> DRYness for DRYness sake might feel satisfying when writing the code, but when changes need to be made, it often scatters constraints and requirements throughout the codebase, making any change an unestimatable mess of sneaky traps.
This also applies to "one-liners" when writing code. For example in ruby:
Looks nice and all, but it can be confusing when you need to fix a bug that you aren't sure of the source (foo or bar? maybe we shouldn't flatten yet? maybe we should join sooner?). It's much better, IMHO, to write more lines of code here so that you can easily test each step manually when a bug occurs.
Your point seems to be more about using chains of set operators rather than the fact that it is on one line.
I am a C# guy and I find Linq which is the equivalent to this insanely useful and I often write code as above. The tax on this is the rest of the team need to be up to speed in reading such code. If they are then what you gain is use of a bunch of predictable operators rather than loops with counters, state, etc... that could have subtle bugs.

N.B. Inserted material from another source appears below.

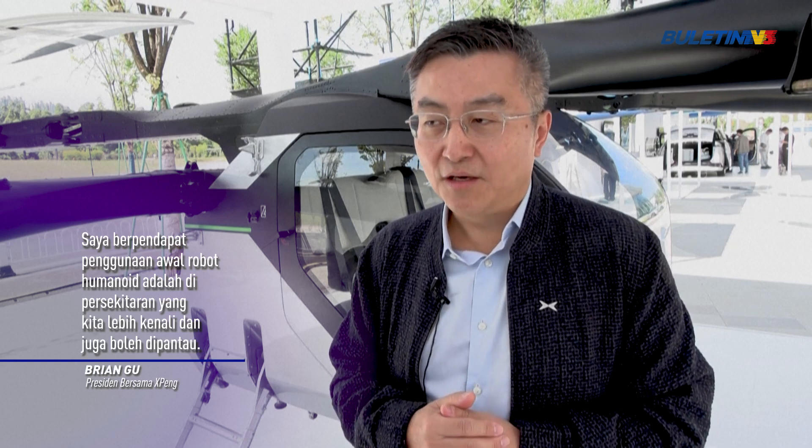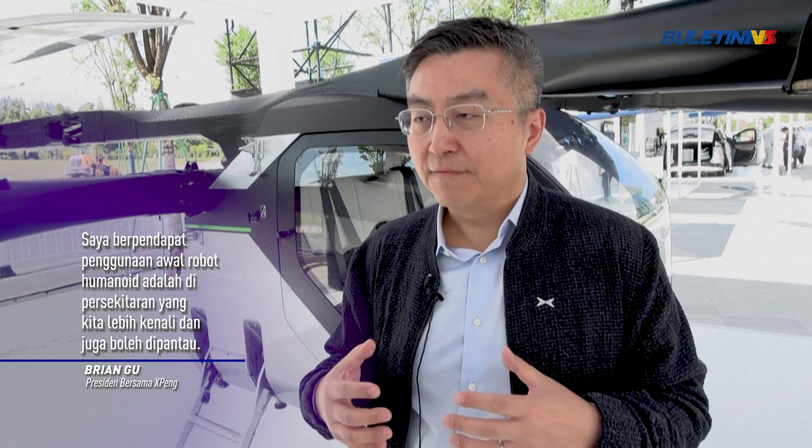I think the initial use case of humanoid robots will be in environments that we are more familiar with and that can be monitored — so probably more in existing corporate settings, for example in cells, in factories, in general reception. These are the initial use cases for robots. But with more confidence in capabilities and safety, I think the biggest application will be in the home setting.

Using code like this is no different to writing SQL that does joins and aggregates in a stored procedure and calling it from your code, something I also thing isn't a bad thing.
Debugging can be done by splitting it into lines, or using a decent enough debugger. Or making it pure and writing unit tests or property-based tests to cover it.
> Your point seems to be more about using chains of set operators rather than the fact that it is on one line.
It isn't, though. My point is that sticking chains on one line makes it difficult to read as well as debug the various bits and pieces that all rest on a single line.
Consider the task of debugging any arbitrary error where you have little more than a line number to go by. You now need to refactor the line just to find out which method invocation is causing the error.
There are also readability issues with lines like these.
In Visual studio it doesn't really make a difference from a debugging perspective. However in other debugging tools perhaps it does, and in that case I would tend to agree. But then this is a minor point, something that can be covered with a coding standard and linting the source.
Actually, yes. That's exactly what I'm advocating. Whether they are separate assignments or just chains broken up into multiple lines, the end is the same as far as what I'm talking about.
> It isn't, though. My point is that sticking chains on one line makes it difficult to read as well as debug the various bits and pieces that all rest on a single line.
The thing is, if you want to split the line into multiple lines you have to introduce local variables all over. I actually find this harder and more cumbersome to read because if you are reading the rest of the function, you want to know if these are used anywhere (assuming imperative language). If you have everything on a single line, then you know that the intermediate values are not used anywhere else.
I agree that the line number thing is helpful though. However, if you realize you have a bug you'll likely have to reproduce it anyway, and at that time you can introduce local variables just to see where you went wrong.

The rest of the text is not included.